Plus récemment, le très innovant véhicule blindé léger Scarabée d’Arquus, qui pourtant propose des capacités pertinentes, notamment pour les forces spéciales ou les éléments projetés, ne parvint pas à convaincre l’Armée de terre d’en acquérir une flotte réduite, ce qui aurait probablement mis le pied à l’étrier du blindé sur la scène internationale.

Et que dire des sous-marins Scorpène et des corvettes Gowind, deux des piliers des exportations navales françaises, qui mériteraient tous deux une prochaine génération, mais dont la Marine nationale ne veut pas ?

L’inverse existe toutefois. Ainsi, en Turquie, l’immense majorité des nouveaux équipements produits par cette jeune industrie de défense, est acquise en petite quantité par les Armées Turques, de sorte à en évaluer les performances, à soutenir les exportations, et surtout à soutenir la dynamique d’innovation industrielle, avec le succès que l’on connait désormais.

Ainsi, le célèbre drone MALE léger TB2 Bayraktar n’avait été commandé qu’à une dizaine d’exemplaires par les Armées turques, avant qu’il ne fasse ses preuves lors de la seconde guerre du Haut-Karabakh, et qu’il rencontre un immense succès international.

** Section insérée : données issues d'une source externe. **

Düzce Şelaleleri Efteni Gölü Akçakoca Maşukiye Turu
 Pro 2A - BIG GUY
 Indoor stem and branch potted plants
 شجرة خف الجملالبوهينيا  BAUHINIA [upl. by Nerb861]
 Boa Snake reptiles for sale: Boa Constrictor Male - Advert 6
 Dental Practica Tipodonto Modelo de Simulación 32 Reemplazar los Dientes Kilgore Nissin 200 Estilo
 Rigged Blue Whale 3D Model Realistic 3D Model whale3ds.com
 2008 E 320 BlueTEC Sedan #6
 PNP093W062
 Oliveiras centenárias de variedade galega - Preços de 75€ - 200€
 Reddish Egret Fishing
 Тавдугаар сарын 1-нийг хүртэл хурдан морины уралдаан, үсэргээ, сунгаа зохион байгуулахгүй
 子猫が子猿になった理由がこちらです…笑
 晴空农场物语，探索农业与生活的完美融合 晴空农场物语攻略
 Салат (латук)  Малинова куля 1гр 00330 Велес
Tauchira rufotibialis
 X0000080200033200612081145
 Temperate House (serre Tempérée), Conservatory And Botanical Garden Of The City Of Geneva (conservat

Il en va de même pour de nombreux équipements, qu’il s’agisse de drones aériens, navals ou sous-marins, mais également de blindés, de munition et de systèmes de détection.

Le même soutien fut observé lorsque Berlin proposa à Oslo de cofinancer le développement du sous-marin Type 212CD et d’en acquérir deux exemplaires si la Norvège choisissait TKMS pour la construction des quatre submersibles devant remplacer les six navires de la classe Ula.

De fait, pour amener les industriels à retrouver la voie de l’innovation et des développements sur fonds propres, il sera avant tout indispensable de convaincre les Armées de s’équiper d’un certain nombre de ces équipements ainsi développés, tant pour les tester que pour en promouvoir l’image sur la scène internationale.

Conclusion

On le voit, les évolutions nécessaires pour effectivement atteindre une industrie répondant au qualificatif “d’économie de guerre” souvent employé par le Président et le ministre des Armées français, de très importants efforts devront être déployés, tant de la part des industriels que des Militaires, et par voie de conséquences, par les responsables politiques de tutelle.

Cette transformation nécessitera non seulement des évolutions sensibles de l’outil productif, mis également de l’organisation profonde des industries, et d’une certaine manière, de la culture industrielle défense elle-même. De la même manière, les Armées devront, elles aussi, prendre leur part de l’effort à produire, que ce soit dans la conduite des programmes comme dans un soutien bien plus poussé aux industriels dans la mise en œuvre de leurs équipements innovants.

Il s’agit donc, pour y parvenir, de trouver un nouvel équilibre, radicalement différent de celui qui émergea des difficultés rencontrées ces 30 dernières années. Car si la plupart des industries et des armées occidentales partagent les mêmes difficultés dans ce domaine, ce n’est pas le cas d’autres acteurs, notamment la Chine, qui a déjà dimensionné et organisé son appareil industriel défense en prenant précisément compte de ces contraintes auxquelles les occidentaux font face aujourd’hui.